Leave the pictures out. Return all other data exactly.

* Supplied records:
——————
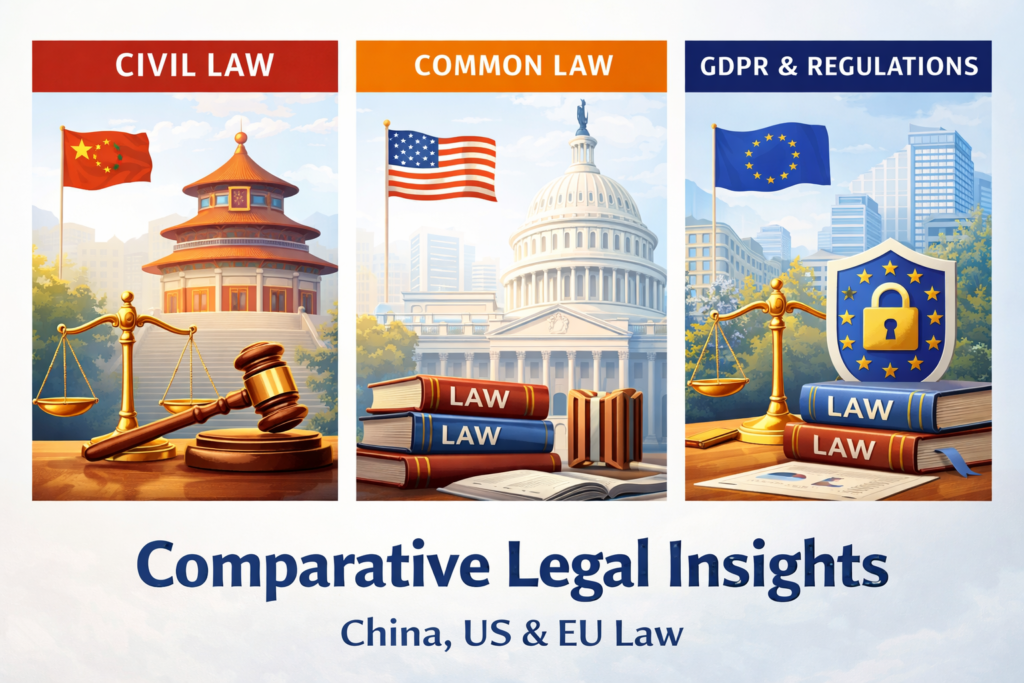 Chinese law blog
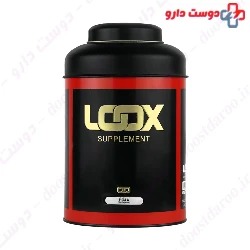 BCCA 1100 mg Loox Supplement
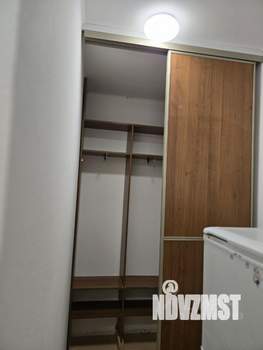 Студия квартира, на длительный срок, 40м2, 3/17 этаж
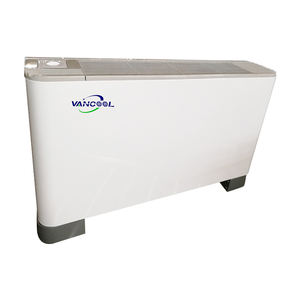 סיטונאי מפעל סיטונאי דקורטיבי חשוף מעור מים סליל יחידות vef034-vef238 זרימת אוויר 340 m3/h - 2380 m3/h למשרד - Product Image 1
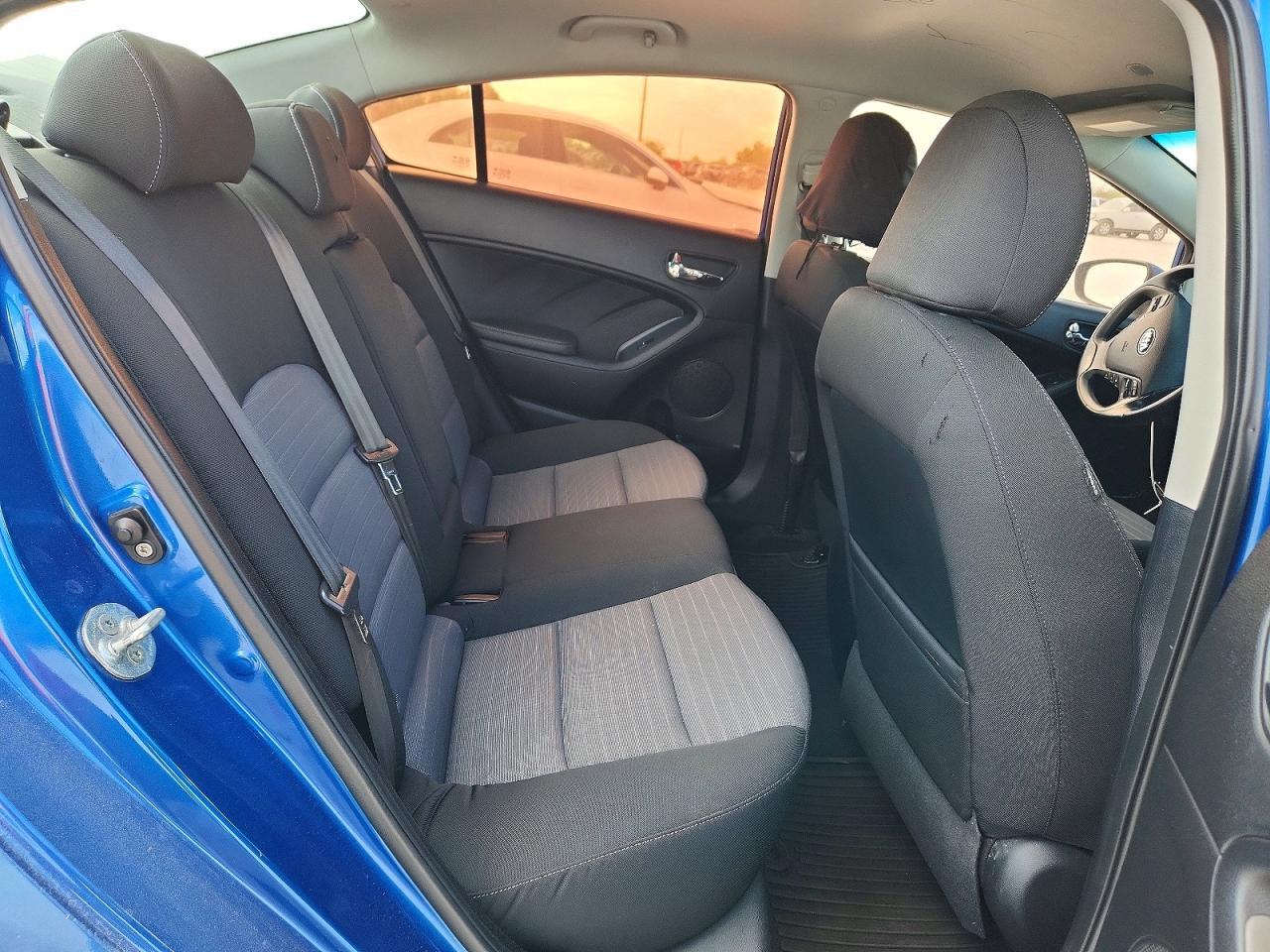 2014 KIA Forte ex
——————
* Written answer:
 Chinese law blog
 BCCA 1100 mg Loox Supplement
 Студия квартира, на длительный срок, 40м2, 3/17 этаж
 סיטונאי מפעל סיטונאי דקורטיבי חשוף מעור מים סליל יחידות vef034-vef238 זרימת אוויר 340 m3/h - 2380 m3/h למשרד - Product Image 1
 2014 KIA Forte ex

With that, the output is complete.